Thanks. The patch cherry-picks cleanly on the GCC 11 branch, and
bootstraps/regtests OK there. Is it OK for GCC 11 too, even though the
issue is latent there (at least for the testcase in the patch)?
Alex
>
> Richard
>
> > Thanks,
> > Alex
> >
> > -- >8 --
> >
> > The PR shows us ICEing due to an unrecognizable TFmode save emitted by
> > aarch64_process_components. The problem is that for T{I,F,D}mode we
> > conservatively require mems to be in range for x-register ldp/stp. That
> > is because (at least for TImode) it can be allocated to both GPRs and
> > FPRs, and in the GPR case that is an x-reg ldp/stp, and the FPR case is
> > a q-register load/store.
> >
> > As Richard pointed out in the PR, aarch64_get_separate_components
> > already checks that the offsets are suitable for a single load, so we
> > just need to choose a mode in aarch64_reg_save_mode that gives the full
> > q-register range. In this patch, we choose V16QImode as an alternative
> > 16-byte "bag-of-bits" mode that doesn't have the artificial range
> > restrictions imposed on T{I,F,D}mode.
> >
> > Unlike for GCC 14 we need additional handling in the load/store pair
> > code as various cases are not expecting to see V16QImode (particularly
> > the writeback patterns, but also aarch64_gen_load_pair).
> >
> > gcc/ChangeLog:
> >
> > PR target/111677
> > * config/aarch64/aarch64.cc (aarch64_reg_save_mode): Use
> > V16QImode for the full 16-byte FPR saves in the vector PCS case.

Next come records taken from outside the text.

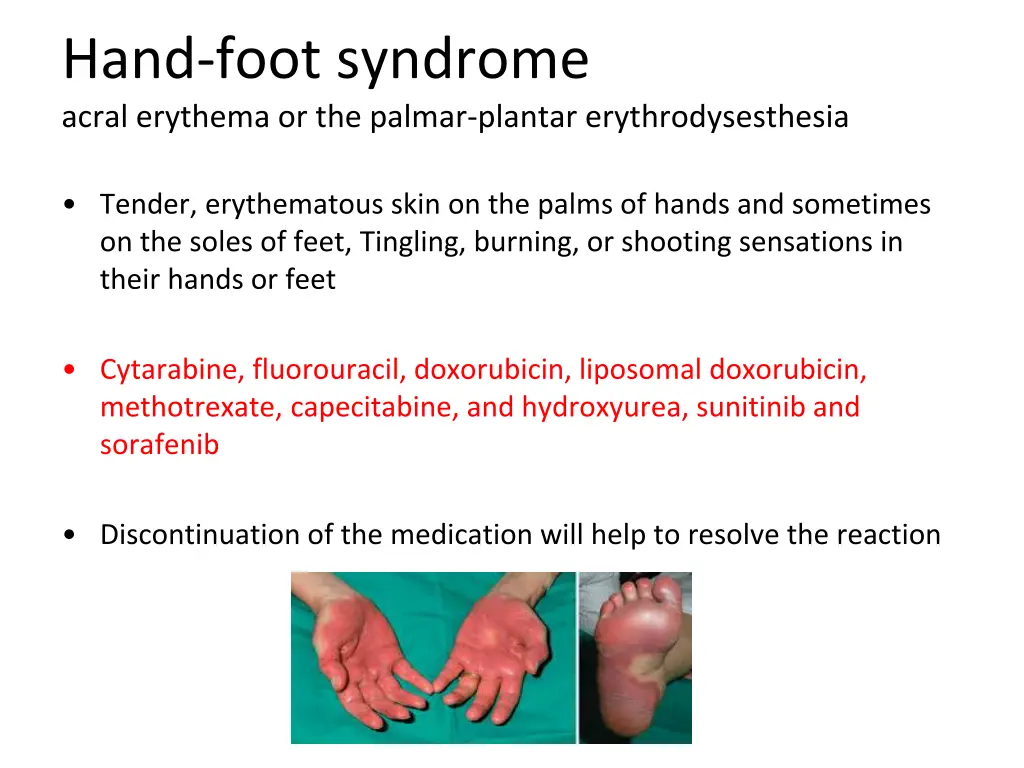 hand foot syndrome acral erythema or the palmar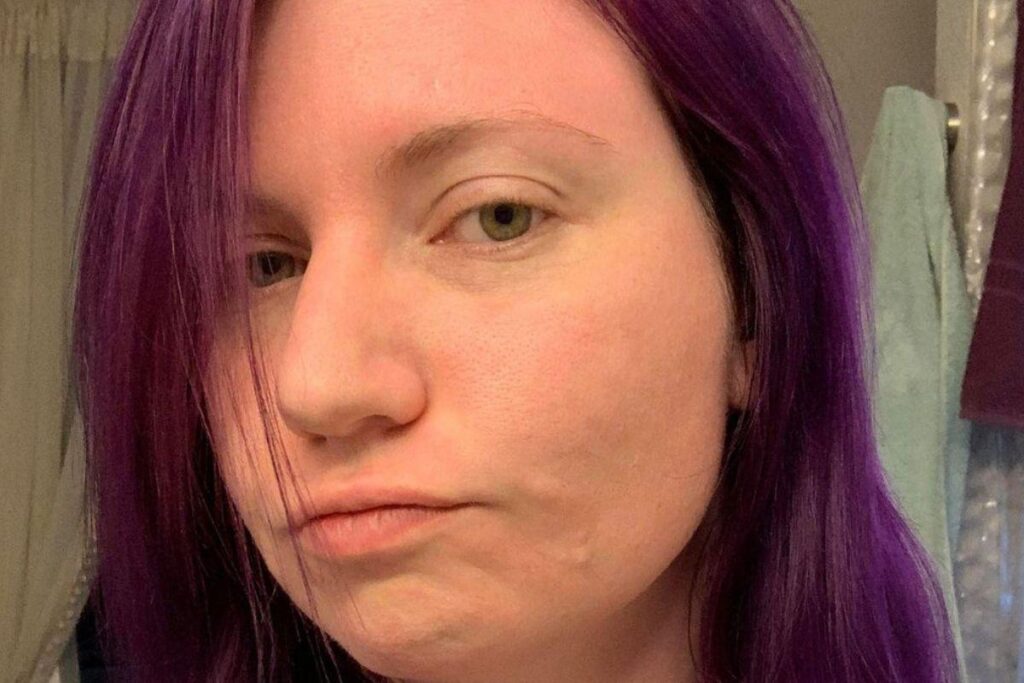 River tem alergia ao sol e é fotossensível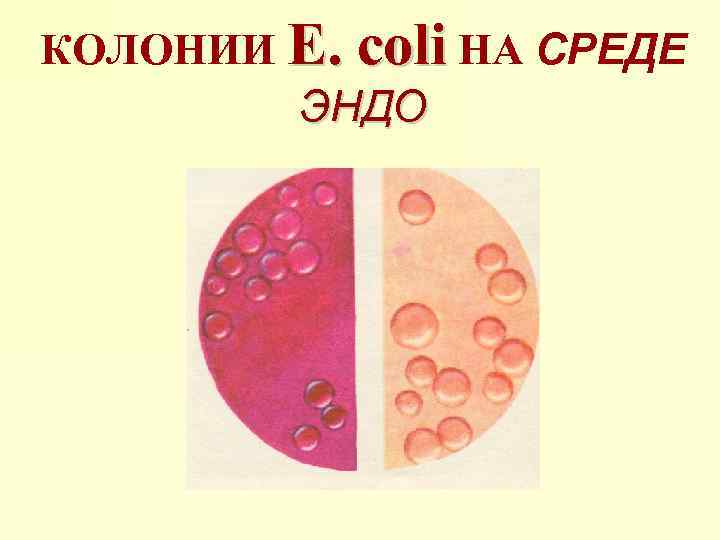 КОЛОНИИ E. coli НА СРЕДЕ ЭНДО 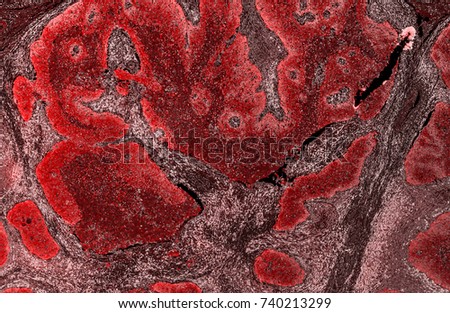 Cells stained with different colors in a false color image of a tumour sample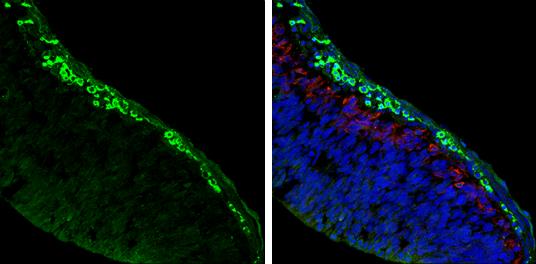 Acetylcholinesterase/ACHE Antibody - BSA Free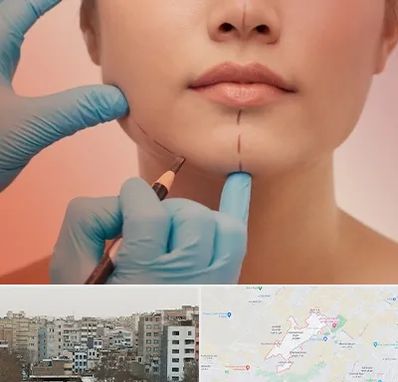 دکتر زیبایی خانم در محمد شهر کرج 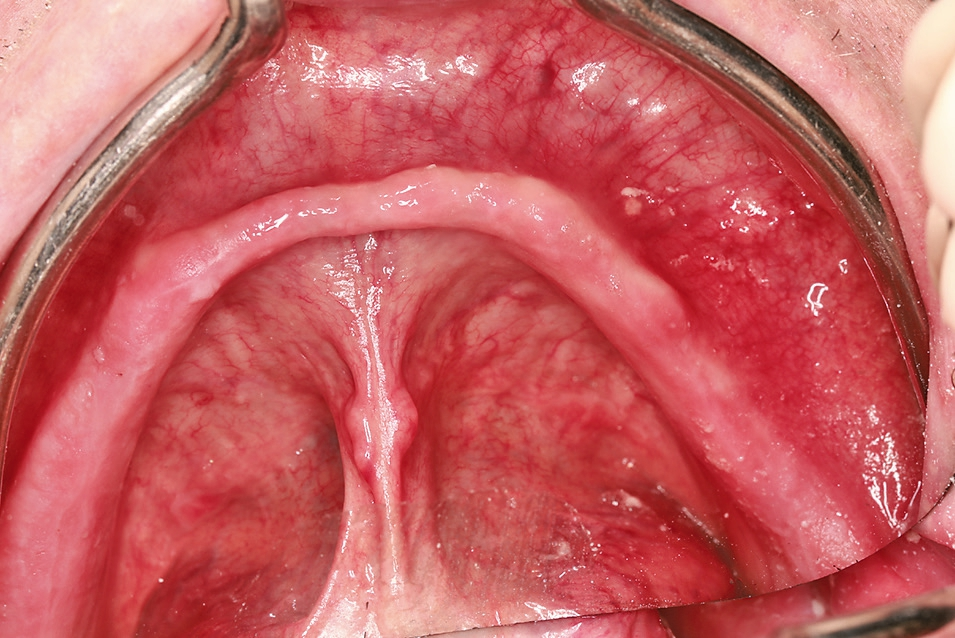Abb. 2: Ausgangsbild Schleimhautsituation im Unterkiefer.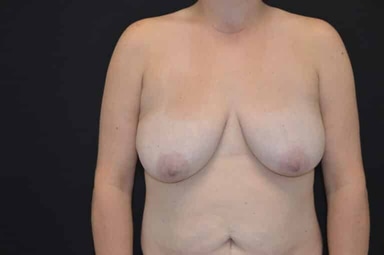 Breast lift with implants patient 27 before photo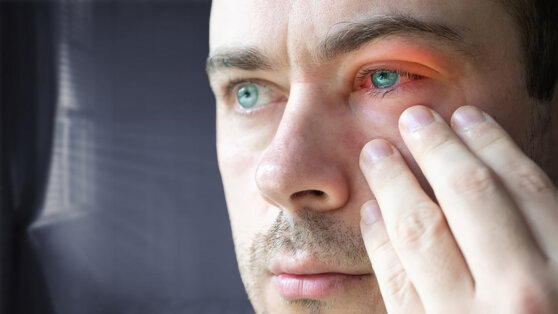 Качество зрения: почему глаза чешутся и краснеют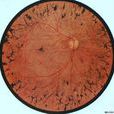 環狀視網膜變性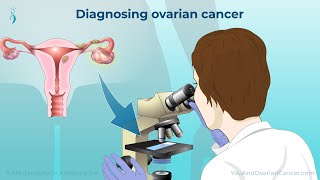 Diagnosing Ovarian Cancer [upl. by Im]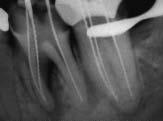 sprake is van pijn, zwelling of een fistel; als het gebitselement normaal functioneert en er op de röntgenfoto sprake is van een normaal doorlopende parodontaallijn rond de wortels van het behandelde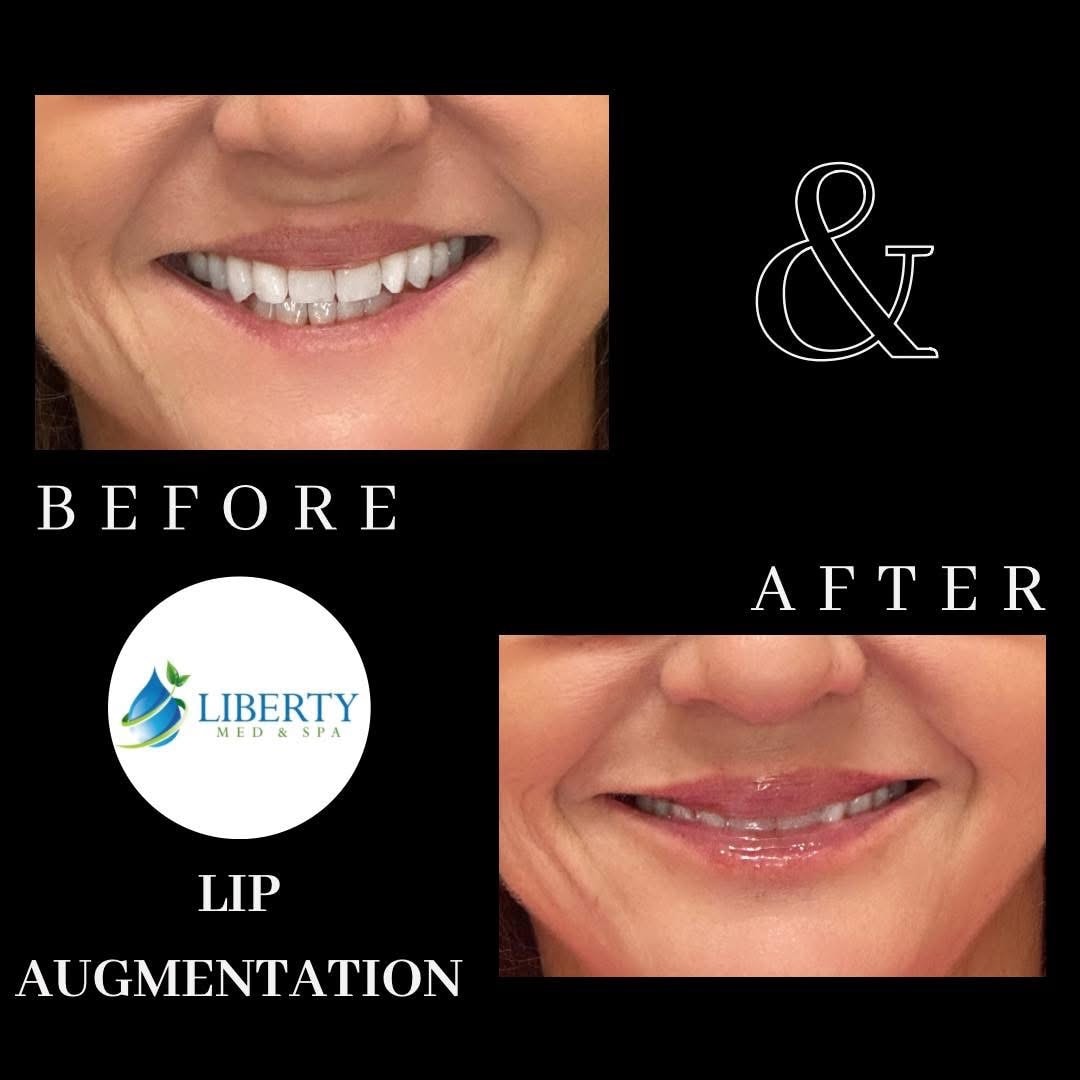 Before and after treatment results at Liberty Med & Spa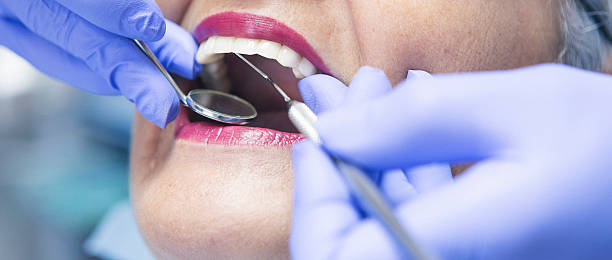Best Knocked-Out Tooth Emergency  in South Russell, OH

> > (aarch64_gen_storewb_pair): Handle V16QImode.
> > (aarch64_gen_loadwb_pair): Likewise.
> > (aarch64_gen_load_pair): Likewise.
> > * config/aarch64/aarch64.md (loadwb_pair<TX:mode>_<P:mode>):
> > Rename to ...
> > (loadwb_pair<TX_V16QI:mode>_<P:mode>): ... this, extending to
> > V16QImode.
> > (storewb_pair<TX:mode>_<P:mode>): Rename to ...
> > (storewb_pair<TX_V16QI:mode>_<P:mode>): ... this, extending to
> > V16QImode.
> > * config/aarch64/iterators.md (TX_V16QI): New.
> >
> > gcc/testsuite/ChangeLog:
> >
> > PR target/111677
> > * gcc.target/aarch64/torture/pr111677.c: New test.
> >
> > (cherry picked from commit 2bd8264a131ee1215d3bc6181722f9d30f5569c3)
> > ---
> > gcc/config/aarch64/aarch64.cc | 13 ++++++-
> > gcc/config/aarch64/aarch64.md | 35 ++++++++++---------
> > gcc/config/aarch64/iterators.md | 3 ++
> > .../gcc.target/aarch64/torture/pr111677.c | 28 +++++++++++++++
> > 4 files changed, 61 insertions(+), 18 deletions(-)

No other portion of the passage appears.